‘Doomsday Clock’ closest to midnight since Cold War over nuclear threat

Scientists on Thursday moved ahead by half a minute the symbolic Doomsday Clock, saying the world was at its closest to annihilation since the height of the Cold War due to world leaders’ poor response to threats of nuclear war.

It was the second occasion the timepiece, created by the Bulletin of the Atomic Scientists as an indicator of the world’s susceptibility to cataclysm, was moved forward since the 2016 election of U.S. president Donald Trump.

At two minutes to midnight, the clock is at its closest to catastrophe since 1953, due to dangers of a nuclear holocaust from North Korea’s weapons program, U.S. Russian entanglements, South China Sea tensions, and other factors, the Chicago-based group said in a statement

“Hyperbolic rhetoric and provocative actions on both sides have increased the possibility of nuclear war by accident or miscalculation,” the group said of North Korea’s nuclear program and the Trump administration’s response to it.

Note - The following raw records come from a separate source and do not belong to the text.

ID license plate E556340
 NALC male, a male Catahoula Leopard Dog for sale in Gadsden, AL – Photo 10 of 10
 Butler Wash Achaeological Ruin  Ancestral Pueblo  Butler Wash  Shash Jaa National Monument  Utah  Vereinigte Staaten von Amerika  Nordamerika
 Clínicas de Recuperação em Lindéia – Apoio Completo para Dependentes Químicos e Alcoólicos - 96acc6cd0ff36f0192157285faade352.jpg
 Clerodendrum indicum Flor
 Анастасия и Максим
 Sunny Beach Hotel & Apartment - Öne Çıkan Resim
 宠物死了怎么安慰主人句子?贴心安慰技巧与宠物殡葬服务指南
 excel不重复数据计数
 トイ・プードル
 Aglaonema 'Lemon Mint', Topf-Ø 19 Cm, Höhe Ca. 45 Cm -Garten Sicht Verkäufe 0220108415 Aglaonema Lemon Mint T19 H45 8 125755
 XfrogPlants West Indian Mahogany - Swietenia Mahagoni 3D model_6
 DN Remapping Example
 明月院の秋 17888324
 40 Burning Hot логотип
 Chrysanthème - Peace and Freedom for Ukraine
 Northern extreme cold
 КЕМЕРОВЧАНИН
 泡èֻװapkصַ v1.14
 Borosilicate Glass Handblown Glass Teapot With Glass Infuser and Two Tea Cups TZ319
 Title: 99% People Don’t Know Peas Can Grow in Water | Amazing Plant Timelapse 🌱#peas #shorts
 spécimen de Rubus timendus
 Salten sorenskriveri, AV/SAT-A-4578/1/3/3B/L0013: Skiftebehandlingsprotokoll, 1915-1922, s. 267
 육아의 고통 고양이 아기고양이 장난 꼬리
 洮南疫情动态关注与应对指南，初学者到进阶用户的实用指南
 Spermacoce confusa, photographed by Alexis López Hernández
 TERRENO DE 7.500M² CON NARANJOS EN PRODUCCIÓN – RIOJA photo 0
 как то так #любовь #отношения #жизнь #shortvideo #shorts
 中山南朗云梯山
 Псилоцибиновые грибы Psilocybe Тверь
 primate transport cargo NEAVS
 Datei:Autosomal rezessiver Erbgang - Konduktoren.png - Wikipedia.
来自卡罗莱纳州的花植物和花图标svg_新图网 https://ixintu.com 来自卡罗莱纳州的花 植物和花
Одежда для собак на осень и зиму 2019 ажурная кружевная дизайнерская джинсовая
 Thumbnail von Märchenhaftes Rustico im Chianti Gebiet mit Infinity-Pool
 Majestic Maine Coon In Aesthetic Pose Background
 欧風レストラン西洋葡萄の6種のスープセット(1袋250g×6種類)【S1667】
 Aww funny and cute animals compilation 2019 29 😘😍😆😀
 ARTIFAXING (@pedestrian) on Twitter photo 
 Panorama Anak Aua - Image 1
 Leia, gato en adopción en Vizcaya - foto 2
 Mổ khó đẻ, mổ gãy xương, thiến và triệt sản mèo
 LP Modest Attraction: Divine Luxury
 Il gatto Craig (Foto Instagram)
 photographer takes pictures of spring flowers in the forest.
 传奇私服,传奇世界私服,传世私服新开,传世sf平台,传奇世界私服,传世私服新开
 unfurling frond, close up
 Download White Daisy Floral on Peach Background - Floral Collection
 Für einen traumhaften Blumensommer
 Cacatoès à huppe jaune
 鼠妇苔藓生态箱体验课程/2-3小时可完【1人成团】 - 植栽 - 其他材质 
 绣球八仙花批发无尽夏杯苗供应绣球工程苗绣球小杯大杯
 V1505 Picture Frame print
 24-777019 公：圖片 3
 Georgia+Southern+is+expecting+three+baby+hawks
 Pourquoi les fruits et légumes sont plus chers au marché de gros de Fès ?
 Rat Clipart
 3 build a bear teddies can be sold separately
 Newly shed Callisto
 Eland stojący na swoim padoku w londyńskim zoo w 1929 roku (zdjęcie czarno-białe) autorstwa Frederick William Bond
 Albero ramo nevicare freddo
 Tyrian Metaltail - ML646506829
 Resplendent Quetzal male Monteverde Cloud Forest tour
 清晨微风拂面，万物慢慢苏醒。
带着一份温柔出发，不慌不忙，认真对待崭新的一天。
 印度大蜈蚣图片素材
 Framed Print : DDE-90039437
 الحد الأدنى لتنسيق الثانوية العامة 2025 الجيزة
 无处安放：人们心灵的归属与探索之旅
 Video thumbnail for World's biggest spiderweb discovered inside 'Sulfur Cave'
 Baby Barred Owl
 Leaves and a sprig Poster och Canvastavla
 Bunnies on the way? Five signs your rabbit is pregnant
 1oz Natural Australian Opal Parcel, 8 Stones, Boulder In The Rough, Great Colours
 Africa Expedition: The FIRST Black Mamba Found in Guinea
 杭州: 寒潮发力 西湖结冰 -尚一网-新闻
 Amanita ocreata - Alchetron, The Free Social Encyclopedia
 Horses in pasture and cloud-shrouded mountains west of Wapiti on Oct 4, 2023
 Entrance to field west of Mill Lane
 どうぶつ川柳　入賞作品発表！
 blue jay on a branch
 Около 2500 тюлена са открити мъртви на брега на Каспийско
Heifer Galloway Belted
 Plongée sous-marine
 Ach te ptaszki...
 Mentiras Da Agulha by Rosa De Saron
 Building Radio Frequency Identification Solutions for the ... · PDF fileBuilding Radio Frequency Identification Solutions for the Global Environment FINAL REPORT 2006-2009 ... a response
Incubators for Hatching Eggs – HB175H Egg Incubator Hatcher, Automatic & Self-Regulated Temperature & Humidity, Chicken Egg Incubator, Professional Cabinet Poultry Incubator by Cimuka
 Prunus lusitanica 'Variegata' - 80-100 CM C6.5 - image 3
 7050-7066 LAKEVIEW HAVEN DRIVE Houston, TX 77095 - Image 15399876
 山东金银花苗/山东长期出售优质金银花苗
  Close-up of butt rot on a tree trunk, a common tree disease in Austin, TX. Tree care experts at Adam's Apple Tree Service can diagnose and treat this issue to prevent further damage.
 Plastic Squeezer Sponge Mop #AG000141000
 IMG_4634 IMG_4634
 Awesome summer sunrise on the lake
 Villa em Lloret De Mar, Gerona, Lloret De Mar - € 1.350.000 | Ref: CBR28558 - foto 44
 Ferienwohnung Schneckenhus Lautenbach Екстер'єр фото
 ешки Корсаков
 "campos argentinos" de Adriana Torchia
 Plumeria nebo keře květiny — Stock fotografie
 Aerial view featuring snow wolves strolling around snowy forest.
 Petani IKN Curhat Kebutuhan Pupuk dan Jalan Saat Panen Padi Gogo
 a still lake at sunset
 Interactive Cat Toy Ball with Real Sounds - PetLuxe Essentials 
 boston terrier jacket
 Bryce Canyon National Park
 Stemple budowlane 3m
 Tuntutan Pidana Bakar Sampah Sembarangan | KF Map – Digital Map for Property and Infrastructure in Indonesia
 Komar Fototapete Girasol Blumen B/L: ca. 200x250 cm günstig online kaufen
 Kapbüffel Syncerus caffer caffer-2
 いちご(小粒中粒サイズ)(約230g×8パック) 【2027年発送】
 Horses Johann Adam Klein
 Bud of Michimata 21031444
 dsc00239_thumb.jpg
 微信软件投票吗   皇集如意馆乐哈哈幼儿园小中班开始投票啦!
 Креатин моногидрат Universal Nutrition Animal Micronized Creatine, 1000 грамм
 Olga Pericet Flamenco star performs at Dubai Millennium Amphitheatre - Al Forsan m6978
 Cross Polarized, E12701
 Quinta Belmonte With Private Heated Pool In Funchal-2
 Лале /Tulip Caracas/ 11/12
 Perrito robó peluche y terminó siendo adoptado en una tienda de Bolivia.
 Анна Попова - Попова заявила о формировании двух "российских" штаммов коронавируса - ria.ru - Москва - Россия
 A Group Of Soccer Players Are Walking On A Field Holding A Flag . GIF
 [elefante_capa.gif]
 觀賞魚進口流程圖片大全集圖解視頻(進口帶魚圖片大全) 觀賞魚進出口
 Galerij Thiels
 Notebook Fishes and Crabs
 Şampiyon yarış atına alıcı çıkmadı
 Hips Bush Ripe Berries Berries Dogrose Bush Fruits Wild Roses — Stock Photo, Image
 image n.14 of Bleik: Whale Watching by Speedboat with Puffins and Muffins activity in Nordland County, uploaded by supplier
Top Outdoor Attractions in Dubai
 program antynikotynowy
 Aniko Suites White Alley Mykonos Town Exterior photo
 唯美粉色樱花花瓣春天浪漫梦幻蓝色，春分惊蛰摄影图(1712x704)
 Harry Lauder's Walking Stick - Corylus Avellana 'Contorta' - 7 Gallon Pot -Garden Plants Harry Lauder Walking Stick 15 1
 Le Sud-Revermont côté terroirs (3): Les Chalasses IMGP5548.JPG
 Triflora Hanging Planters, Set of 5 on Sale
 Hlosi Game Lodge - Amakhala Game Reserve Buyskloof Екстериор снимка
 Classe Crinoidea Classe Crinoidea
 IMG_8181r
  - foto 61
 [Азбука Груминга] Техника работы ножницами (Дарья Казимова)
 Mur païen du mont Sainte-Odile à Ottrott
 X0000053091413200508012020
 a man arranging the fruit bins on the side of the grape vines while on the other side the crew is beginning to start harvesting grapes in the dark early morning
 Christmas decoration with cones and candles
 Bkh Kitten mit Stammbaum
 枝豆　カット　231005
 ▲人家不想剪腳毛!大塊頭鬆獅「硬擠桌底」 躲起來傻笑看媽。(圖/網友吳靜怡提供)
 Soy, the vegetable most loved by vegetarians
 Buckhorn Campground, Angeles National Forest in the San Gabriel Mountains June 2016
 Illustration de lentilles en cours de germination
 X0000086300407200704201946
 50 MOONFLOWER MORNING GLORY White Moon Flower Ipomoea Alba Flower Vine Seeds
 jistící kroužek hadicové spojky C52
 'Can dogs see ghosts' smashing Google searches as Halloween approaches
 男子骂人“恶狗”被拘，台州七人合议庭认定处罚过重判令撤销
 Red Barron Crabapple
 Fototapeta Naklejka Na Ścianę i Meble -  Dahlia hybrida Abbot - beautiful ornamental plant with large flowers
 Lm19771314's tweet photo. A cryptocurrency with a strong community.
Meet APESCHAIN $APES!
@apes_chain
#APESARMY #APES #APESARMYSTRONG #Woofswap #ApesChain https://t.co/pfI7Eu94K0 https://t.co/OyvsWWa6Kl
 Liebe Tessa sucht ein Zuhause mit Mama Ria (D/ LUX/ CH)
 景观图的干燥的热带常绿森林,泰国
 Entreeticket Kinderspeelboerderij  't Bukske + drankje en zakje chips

Unchecked dangers linked to climate change were another factor scientists cited for moving the clock forward.

An overarching concern was what scientists described as the demise of diplomacy under the Trump administration.

”International diplomacy has been reduced to name-calling, giving it a surrealistic sense of unreality that makes the world security situation ever more threatening,” they said.